In the meadows of the vale the waters of the same stream irrigate numerous scattered withy-beds, pollard willow trees, and tall willow poles growing thickly in the hedges by the brook. The most suitable of these poles are purchased from the farmers by the willow handicraftsmen of the village up here, to be split into thin flexible strips and plaited or woven into various articles. These strips are made into ladies' workbaskets and endless knick-knacks. The flexibility of the willow is surprising when reduced to these narrow pieces, scarcely thicker than stout paper. This industry used to keep many hands employed.

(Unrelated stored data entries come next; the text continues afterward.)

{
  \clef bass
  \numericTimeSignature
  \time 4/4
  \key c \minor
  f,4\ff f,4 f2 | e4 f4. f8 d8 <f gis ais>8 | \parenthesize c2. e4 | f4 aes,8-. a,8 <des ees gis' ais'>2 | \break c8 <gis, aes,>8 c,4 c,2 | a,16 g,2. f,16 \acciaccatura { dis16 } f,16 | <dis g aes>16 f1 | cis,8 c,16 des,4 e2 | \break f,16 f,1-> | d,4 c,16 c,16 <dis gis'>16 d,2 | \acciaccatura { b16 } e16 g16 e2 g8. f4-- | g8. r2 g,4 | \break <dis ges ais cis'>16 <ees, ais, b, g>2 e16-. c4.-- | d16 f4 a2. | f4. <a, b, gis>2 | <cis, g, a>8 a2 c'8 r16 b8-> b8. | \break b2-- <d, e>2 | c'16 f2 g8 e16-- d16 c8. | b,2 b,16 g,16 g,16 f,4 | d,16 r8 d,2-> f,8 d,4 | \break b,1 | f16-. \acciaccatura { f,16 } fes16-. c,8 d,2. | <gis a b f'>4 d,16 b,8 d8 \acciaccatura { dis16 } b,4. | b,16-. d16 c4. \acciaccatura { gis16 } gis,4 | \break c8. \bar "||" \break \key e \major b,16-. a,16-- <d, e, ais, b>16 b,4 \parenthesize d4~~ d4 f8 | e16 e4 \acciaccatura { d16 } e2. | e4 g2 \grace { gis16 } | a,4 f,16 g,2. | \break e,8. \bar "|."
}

There were willow-looms in the village, and to show their dexterity the weavers sometimes made a shirt of willow--of course only as a curiosity. The development of straw weaving greatly interfered with this business; and now it is followed by a few only, who are chiefly engaged in preparing the raw material to go elsewhere.
From the ash woods on the slopes, and the copses, of the fields, large ash-poles are brought, which one or two old men in the place spend their time splitting up for 'flakes'--a 'flake' being a frame of light wood, used after the manner of a hurdle to stop a gap, or pitched in a row to part a field into two. Hurdle-making is another industry; but of late years hurdles have been made on a large scale by master carpenters in the market towns, who employ several men, and undersell the village maker.
The wheelwright is perhaps the busiest man in the place; he not only makes and mends waggon and cart wheels, and the body of those vehicles, but does almost every other kind of carpentering. Sometimes he combines the trade of a builder with it--if he has a little capital--and puts up cottages, barns, sheds, etc, and his yard is strewn with timber. There is generally a mason, who goes about from farm to farm mending walls and pigsties, and all such odd jobs, working for his own hand.
The blacksmith of course is there--sometimes more than one--usually with plenty to do; for modern agriculture uses three times as much machinery and ironwork as was formerly the case. At first the blacksmiths did not understand how to mend many of these new-fangled machines, but they have learned a good deal, though some of the pieces still have to be replaced from the implement factories if broken. Horses come trooping in to have new shoes put on. Sometimes a village blacksmith acquires a fame for shoeing horses which extends far beyond his forge, and gentlemen residing in the market towns send out their horses to him to be shod.
He still uses a ground-ash sapling to hold the short chisel with which he cuts off the glowing iron on the anvil. He keeps bundles of the young, pliant ground-ash sticks, which twist easily and are peculiarly tough; and, taking one of these, with a few turns of his wrist winds it round the chisel so as to have a long handle. One advantage of the wood is that it 'gives' a little and does not jar when struck.
The tinker, notwithstanding his vagrant habits, is sometimes a man of substance, owning two or more small cottages, built out of his savings by the village mason--the materials perhaps carted for him free by a friendly fanner. When sober and steady, he has a capital trade: his hands are never idle. Milk-tins, pots, pans, etc, constantly need mending; he travels from door to door, and may be seen sitting on a stool in the cart-house in the farmyard, tinkering on his small portable anvil, with two or three cottagers' children--st.u.r.dy, yellow-haired youngsters--intently watching the mystery of the craft.